If you know where you are heading for, you are much more likely to get there.
There are advantages to having a career plan. There is that typical interview question which suggests that some career planning is a good idea. ‘Where do you see yourself in five years’ time?’ It’s an important question and if you are effectively prepared for an interview you will have thought of a convincing answer.
Employers have several reasons for asking the question. A good answer will demonstrate that you have taken enough time to research the job sector and organisation to know what the options might be, and have enough self-awareness to know how they might relate to you. But nobody will appear at your desk five years from the day you started with the organisation saying: ‘Smith! This is not where you told us you would be!’ Even if your name happens to be Smith. They are interested in your ideas for the future; they are not expecting you to be able to predict it.
So having a good idea of your future possibilities is certainly to your benefit. And there are some students who are so effective at making long-term plans that things do work out as they had hoped. I would suggest however that a better approach is to have a clear sense of direction, but flexibility about how to get there. Do you have a good idea of what strengths and skills you have and would like to use, what you want to get out of work and what else is important to you personally? This is likely to be enough to get started on a career and to develop it.
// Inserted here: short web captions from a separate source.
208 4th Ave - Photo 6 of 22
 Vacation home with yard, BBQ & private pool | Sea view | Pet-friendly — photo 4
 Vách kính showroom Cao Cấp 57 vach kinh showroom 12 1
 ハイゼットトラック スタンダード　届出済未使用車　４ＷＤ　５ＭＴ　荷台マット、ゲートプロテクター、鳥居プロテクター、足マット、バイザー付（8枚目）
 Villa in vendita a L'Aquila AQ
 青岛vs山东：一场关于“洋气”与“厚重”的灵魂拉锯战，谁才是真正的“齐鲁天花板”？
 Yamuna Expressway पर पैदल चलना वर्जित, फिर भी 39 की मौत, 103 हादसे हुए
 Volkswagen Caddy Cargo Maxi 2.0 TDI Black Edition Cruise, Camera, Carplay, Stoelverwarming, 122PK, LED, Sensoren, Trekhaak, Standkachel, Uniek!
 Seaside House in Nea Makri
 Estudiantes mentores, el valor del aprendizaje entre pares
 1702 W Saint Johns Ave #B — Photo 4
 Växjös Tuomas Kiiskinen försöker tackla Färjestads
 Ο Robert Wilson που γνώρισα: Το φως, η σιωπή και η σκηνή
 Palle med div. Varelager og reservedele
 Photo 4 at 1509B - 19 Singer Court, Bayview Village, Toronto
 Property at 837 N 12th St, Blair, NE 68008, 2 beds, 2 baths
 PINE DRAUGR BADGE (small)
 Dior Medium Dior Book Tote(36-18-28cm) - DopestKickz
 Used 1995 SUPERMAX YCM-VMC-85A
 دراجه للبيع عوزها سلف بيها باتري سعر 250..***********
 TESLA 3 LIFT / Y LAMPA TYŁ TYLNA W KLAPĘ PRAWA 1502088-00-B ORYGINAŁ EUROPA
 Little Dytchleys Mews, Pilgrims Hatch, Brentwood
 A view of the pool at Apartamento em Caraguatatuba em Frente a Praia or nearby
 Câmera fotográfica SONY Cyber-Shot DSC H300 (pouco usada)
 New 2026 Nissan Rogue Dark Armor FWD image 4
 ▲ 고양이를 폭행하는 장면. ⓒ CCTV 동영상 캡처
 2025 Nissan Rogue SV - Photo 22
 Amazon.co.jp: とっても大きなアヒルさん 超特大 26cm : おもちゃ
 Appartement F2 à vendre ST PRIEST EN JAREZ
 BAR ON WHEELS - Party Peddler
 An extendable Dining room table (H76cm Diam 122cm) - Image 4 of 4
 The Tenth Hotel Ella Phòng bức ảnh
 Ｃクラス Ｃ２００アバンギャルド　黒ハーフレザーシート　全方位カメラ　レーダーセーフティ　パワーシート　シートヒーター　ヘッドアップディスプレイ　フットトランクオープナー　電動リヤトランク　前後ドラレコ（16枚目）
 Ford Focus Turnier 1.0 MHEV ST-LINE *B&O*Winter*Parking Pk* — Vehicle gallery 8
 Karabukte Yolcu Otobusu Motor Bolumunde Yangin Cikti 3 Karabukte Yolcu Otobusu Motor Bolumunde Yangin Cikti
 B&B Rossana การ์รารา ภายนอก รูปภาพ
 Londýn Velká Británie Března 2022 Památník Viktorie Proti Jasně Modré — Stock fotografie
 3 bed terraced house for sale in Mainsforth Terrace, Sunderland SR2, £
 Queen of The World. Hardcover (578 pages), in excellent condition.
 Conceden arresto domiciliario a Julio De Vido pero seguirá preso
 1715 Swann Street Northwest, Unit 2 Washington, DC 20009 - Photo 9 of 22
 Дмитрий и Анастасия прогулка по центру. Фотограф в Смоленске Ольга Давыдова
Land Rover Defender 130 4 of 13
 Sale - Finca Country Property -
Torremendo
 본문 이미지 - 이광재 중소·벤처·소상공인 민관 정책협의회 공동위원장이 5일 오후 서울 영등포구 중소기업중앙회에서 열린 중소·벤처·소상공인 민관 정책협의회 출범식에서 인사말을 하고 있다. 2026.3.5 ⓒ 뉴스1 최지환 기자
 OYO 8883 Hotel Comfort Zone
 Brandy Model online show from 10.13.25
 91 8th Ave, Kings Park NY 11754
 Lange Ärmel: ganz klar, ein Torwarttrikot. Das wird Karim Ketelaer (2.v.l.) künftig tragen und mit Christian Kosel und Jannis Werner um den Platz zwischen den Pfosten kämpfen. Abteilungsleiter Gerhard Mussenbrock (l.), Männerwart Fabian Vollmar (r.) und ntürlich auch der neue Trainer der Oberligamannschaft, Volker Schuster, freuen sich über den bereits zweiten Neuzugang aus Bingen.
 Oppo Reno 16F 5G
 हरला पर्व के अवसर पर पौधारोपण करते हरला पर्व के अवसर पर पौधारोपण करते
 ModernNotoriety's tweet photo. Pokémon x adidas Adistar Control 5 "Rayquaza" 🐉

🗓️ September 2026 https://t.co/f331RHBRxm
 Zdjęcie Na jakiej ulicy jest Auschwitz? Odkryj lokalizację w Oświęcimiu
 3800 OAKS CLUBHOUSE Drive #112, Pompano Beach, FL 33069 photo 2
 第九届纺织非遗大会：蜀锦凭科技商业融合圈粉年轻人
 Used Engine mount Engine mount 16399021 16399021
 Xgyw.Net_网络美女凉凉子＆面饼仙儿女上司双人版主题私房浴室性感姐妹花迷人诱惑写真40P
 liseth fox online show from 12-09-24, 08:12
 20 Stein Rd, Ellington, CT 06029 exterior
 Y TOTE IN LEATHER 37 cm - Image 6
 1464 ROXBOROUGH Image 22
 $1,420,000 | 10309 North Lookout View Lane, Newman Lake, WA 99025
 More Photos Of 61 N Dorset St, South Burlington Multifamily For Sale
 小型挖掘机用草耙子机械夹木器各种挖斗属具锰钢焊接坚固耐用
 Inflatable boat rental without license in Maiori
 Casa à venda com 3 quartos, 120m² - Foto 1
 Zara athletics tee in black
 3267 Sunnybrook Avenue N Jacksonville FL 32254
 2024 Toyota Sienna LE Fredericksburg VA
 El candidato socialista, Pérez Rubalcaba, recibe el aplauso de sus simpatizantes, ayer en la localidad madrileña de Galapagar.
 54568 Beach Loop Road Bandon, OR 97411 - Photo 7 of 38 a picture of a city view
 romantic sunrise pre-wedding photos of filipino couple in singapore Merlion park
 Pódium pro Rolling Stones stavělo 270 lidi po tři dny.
A very rigid career plan is not always a good idea.
There is a risk to being too picky when seeking to start a career
Of course it is not a good idea to apply randomly for anything – employers usually recognise and reject this kind of application immediately. But neither is it a good idea to have narrowed down the only thing that is suitable for you to a single position in a single organisation. There is a happy medium: to know your abilities, skills, values and so on well enough to be able to make well-reasoned applications to a range of opportunities.
You may find that something is not what you thought it was. I am thinking of someone I know who found after quite a long period of training that an area of work was not going to give any of the enjoyment he thought it would. At the time, it was a horrible discovery to make. Fortunately he recognised the value of an alternative that came his way by chance, which used some of his training in a different context. He has been in that job, which he loves, for several years. A rigid five year plan would not have helped much here.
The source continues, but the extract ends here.